• [WHAT TO DO]
Return only what lies between the first line of the entries and the line containing "Sunrive Hülle Kompatibel", both lines included.

-- EXERCISE DATA follows --

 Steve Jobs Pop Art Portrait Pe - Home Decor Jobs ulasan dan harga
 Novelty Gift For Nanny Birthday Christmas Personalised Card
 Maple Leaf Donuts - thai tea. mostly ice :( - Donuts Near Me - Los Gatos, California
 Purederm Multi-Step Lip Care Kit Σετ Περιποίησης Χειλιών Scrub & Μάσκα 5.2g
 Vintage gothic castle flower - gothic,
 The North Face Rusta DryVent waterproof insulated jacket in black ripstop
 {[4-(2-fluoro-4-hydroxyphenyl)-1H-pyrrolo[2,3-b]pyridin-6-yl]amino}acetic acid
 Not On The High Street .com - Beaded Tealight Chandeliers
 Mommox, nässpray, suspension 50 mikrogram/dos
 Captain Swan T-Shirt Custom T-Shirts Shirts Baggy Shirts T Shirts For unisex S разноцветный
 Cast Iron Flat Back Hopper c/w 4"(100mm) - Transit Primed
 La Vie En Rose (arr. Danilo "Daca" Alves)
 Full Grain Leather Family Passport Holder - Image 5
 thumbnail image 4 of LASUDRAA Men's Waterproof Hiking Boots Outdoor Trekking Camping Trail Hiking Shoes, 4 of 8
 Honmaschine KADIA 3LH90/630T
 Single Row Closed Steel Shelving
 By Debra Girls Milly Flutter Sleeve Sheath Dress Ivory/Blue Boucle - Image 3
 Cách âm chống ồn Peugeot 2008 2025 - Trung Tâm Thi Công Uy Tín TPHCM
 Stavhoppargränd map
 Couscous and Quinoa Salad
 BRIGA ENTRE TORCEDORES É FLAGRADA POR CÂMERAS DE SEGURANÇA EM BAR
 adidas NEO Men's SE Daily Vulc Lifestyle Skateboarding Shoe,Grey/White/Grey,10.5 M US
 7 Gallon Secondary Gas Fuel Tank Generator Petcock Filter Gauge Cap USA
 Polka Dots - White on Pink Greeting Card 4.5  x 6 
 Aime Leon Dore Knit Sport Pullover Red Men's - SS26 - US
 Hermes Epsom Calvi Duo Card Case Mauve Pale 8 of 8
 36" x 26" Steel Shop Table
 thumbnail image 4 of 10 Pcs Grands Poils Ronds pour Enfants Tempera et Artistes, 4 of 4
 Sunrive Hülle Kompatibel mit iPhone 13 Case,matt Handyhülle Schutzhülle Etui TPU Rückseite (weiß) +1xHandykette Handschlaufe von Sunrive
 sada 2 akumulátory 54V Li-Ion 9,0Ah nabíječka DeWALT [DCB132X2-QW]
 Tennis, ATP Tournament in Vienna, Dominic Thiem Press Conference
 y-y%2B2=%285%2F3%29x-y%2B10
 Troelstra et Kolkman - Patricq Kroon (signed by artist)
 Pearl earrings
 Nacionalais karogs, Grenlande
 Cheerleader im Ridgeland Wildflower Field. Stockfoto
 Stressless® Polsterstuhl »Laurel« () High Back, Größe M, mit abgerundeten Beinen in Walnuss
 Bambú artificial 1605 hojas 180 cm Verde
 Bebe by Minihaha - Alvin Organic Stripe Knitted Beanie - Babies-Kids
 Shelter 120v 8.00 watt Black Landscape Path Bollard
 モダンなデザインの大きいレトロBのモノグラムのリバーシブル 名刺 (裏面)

-- EXERCISE DATA concluded --

• [YOUR RESPONSE]
 Steve Jobs Pop Art Portrait Pe - Home Decor Jobs ulasan dan harga
 Novelty Gift For Nanny Birthday Christmas Personalised Card
 Maple Leaf Donuts - thai tea. mostly ice :( - Donuts Near Me - Los Gatos, California
 Purederm Multi-Step Lip Care Kit Σετ Περιποίησης Χειλιών Scrub & Μάσκα 5.2g
 Vintage gothic castle flower - gothic,
 The North Face Rusta DryVent waterproof insulated jacket in black ripstop
 {[4-(2-fluoro-4-hydroxyphenyl)-1H-pyrrolo[2,3-b]pyridin-6-yl]amino}acetic acid
 Not On The High Street .com - Beaded Tealight Chandeliers
 Mommox, nässpray, suspension 50 mikrogram/dos
 Captain Swan T-Shirt Custom T-Shirts Shirts Baggy Shirts T Shirts For unisex S разноцветный
 Cast Iron Flat Back Hopper c/w 4"(100mm) - Transit Primed
 La Vie En Rose (arr. Danilo "Daca" Alves)
 Full Grain Leather Family Passport Holder - Image 5
 thumbnail image 4 of LASUDRAA Men's Waterproof Hiking Boots Outdoor Trekking Camping Trail Hiking Shoes, 4 of 8
 Honmaschine KADIA 3LH90/630T
 Single Row Closed Steel Shelving
 By Debra Girls Milly Flutter Sleeve Sheath Dress Ivory/Blue Boucle - Image 3
 Cách âm chống ồn Peugeot 2008 2025 - Trung Tâm Thi Công Uy Tín TPHCM
 Stavhoppargränd map
 Couscous and Quinoa Salad
 BRIGA ENTRE TORCEDORES É FLAGRADA POR CÂMERAS DE SEGURANÇA EM BAR
 adidas NEO Men's SE Daily Vulc Lifestyle Skateboarding Shoe,Grey/White/Grey,10.5 M US
 7 Gallon Secondary Gas Fuel Tank Generator Petcock Filter Gauge Cap USA
 Polka Dots - White on Pink Greeting Card 4.5  x 6 
 Aime Leon Dore Knit Sport Pullover Red Men's - SS26 - US
 Hermes Epsom Calvi Duo Card Case Mauve Pale 8 of 8
 36" x 26" Steel Shop Table
 thumbnail image 4 of 10 Pcs Grands Poils Ronds pour Enfants Tempera et Artistes, 4 of 4
 Sunrive Hülle Kompatibel mit iPhone 13 Case,matt Handyhülle Schutzhülle Etui TPU Rückseite (weiß) +1xHandykette Handschlaufe von Sunrive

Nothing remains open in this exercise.